There is currently no cure for MS. Treatments for managing MS fall into two categories, those that mitigate symptoms and those that modulate the immune system.
Treatments that mitigate symptoms and help to maintain function include drugs that help with bladder control and irregularity, muscle spasms, tremors and pain, as well as exercise and physical therapy regimens focused on overall fitness and on addressing problems with mobility, speech, swallowing, memory and other cognitive functions.
Treatments that modulate the immune system include drugs developed to reduce disease activity and progression and to help with the management of relapses.
Many individuals with MS, and their family members, also benefit from psychological and social support, which is helpful in managing the stress related to life with an unpredictable and disabling illness.
How are we using stem cells to understand multiple sclerosis?
Researchers are using stem cells to help them understand normal development of brain tissue and what goes wrong in MS. Stem cells are also enormously useful for testing new drugs and treatments and for learning more about the body’s natural repair mechanisms.
Neural stem cells from the central nervous system give rise to neurons and the myelin-producing and support cells, oligodendrocytes and astrocytes, respectively. Neural stem cells are found in adult or fetal brain and spinal cord or derived from embryonic stem cells, which have the capacity to become any cell type in the body, or induced pluripotent stem (iPS) cells, tissue-specific cells that are reprogrammed in the lab to behave like embryonic stem cells. They are relatively easy to grow in the lab, and researchers use them to learn more about normal nerve cell function.
Scientists are using stem cells to:
- Learn more about how myelin is normally maintained and repaired (a process called remyelination) and why this process sometimes fails;
- Understand more about what causes MS;
- Find ways to limit or prevent damage to the neurons by the immune system;
- Try to repair the damage by triggering or enhancing the body’s own repair or cell replacement mechanisms; and
- Develop and test new treatments that can repair damage or stop the disease from progressing.

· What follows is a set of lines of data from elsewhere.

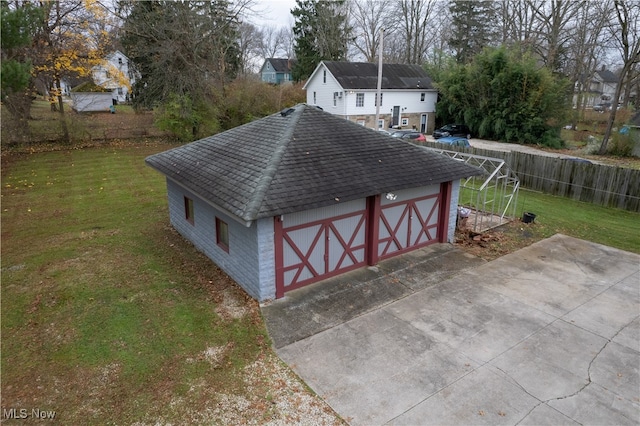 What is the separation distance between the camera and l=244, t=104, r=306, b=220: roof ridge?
826 centimetres

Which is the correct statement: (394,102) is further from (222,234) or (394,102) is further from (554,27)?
(222,234)

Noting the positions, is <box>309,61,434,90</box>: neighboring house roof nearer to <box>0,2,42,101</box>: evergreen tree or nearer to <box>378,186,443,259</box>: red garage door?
<box>0,2,42,101</box>: evergreen tree

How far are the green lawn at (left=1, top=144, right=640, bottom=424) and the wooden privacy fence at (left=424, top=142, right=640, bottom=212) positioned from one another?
1.16 metres

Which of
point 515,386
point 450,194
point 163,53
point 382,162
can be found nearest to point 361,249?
point 382,162

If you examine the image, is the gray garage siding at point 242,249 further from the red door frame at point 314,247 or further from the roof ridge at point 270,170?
the roof ridge at point 270,170

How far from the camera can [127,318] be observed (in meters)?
8.62

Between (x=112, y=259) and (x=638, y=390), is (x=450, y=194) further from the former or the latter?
(x=112, y=259)

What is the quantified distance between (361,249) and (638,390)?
6257mm

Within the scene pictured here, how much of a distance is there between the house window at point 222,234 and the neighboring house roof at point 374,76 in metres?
28.4

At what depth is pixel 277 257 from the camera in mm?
9164

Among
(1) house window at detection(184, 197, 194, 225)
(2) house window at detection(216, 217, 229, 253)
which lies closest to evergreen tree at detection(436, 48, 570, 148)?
(1) house window at detection(184, 197, 194, 225)

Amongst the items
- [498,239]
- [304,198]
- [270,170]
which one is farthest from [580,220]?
[270,170]

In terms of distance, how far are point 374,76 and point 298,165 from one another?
31.6 metres

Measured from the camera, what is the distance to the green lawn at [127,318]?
21.2 feet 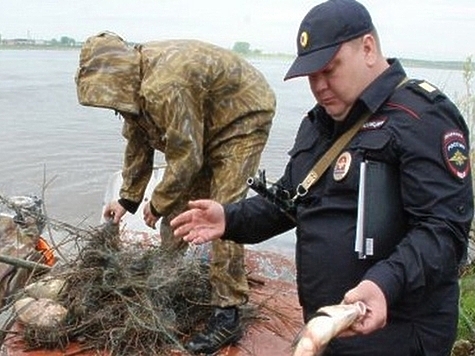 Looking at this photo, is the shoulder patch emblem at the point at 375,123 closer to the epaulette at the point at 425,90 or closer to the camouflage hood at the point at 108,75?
the epaulette at the point at 425,90

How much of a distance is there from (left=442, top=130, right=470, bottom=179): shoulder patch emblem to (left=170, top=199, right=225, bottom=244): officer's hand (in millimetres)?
866

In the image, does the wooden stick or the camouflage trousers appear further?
the wooden stick

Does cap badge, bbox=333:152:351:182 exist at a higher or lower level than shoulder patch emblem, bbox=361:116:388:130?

What is the potential for stem cells to treat multiple sclerosis?
There is exciting progress being made as researchers explore the potential of different types of stem cells to slow MS activity and to repair damage to the nervous system. There are no approved stem cell treatments for MS at this time, but there are various approaches being tested in clinical trials.

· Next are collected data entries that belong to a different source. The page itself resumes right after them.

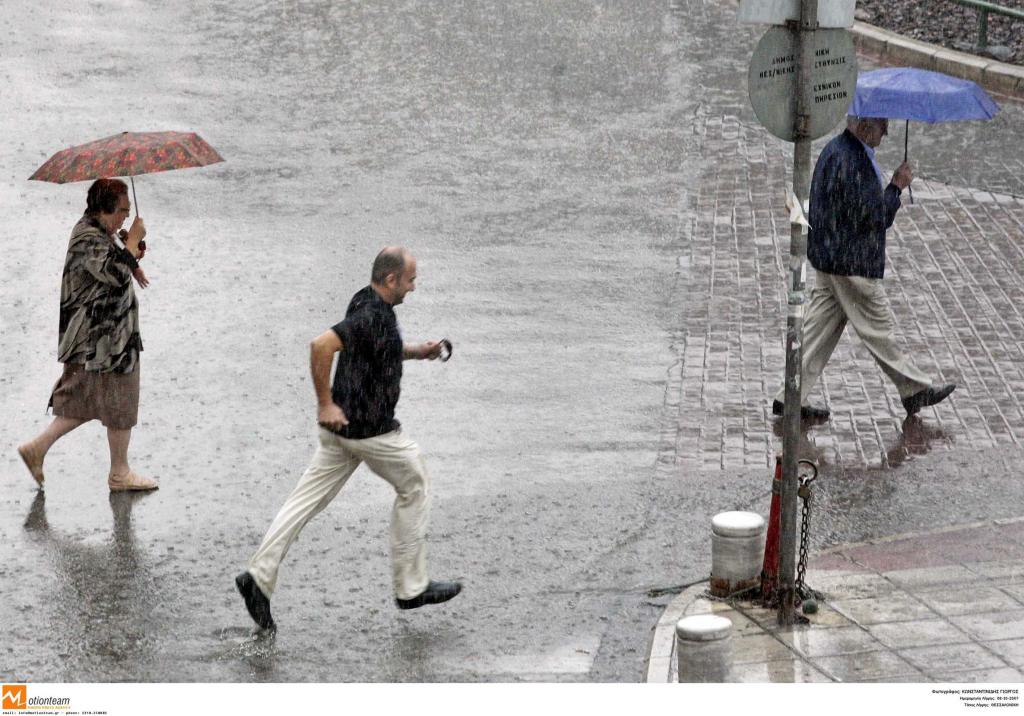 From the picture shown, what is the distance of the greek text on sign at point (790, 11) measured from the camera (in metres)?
7.20

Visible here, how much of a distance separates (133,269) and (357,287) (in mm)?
3606

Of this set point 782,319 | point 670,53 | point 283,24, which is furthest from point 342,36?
point 782,319

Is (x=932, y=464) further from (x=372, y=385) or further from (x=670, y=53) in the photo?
(x=670, y=53)

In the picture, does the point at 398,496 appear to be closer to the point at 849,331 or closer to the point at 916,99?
the point at 916,99

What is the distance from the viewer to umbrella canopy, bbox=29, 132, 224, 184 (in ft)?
29.2

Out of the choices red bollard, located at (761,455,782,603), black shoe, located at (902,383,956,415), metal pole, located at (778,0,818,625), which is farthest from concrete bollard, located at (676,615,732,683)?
black shoe, located at (902,383,956,415)

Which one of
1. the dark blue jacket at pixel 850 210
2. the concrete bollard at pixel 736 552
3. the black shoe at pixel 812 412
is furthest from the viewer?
the black shoe at pixel 812 412

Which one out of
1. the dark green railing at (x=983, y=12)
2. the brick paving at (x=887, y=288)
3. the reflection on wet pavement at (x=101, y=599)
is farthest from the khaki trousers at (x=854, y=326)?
the dark green railing at (x=983, y=12)

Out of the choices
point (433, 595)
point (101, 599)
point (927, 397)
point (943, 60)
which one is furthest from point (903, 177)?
point (943, 60)

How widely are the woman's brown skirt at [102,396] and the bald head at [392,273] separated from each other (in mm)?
2446

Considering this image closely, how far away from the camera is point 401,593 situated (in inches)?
313

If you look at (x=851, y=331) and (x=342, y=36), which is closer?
→ (x=851, y=331)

To prevent or reduce the damage done to nerve cells by the immune system, researchers are exploring ways to modulate what cells the immune system attacks or the intensity of its attack. One approach in clinical trials is to wipe out the patient’s immune system using strong doses of chemotherapy with antibodies and then use their own previously banked hematopoietic stem cells (blood forming stem cells) to regenerate the blood system. The goal of this approach is that the regenerated immune system will not attack the myelin or other brain tissue.
Another approach being tested in clinical trials is the use of a patient’s mesenchymal stem cells, which refer to cells isolated from stroma, the connective tissue that surrounds other tissues and organs. Different trials are using stromal cells isolated and transplanted in different ways with the aim to dampen the individual's immune response and/or enhance repair of the damaged tissue, but the research has yet to reveal the role these cells play in immunomodulation.
A further avenue of exploration is how neural stem cells and their descendants, which can be grown in the lab, might be used to replace the neurons and oligodendrocytes lost during the course of MS. In the short-term, these cells are an excellent platform with which to screen for new drugs that might enhance intrinsic repair.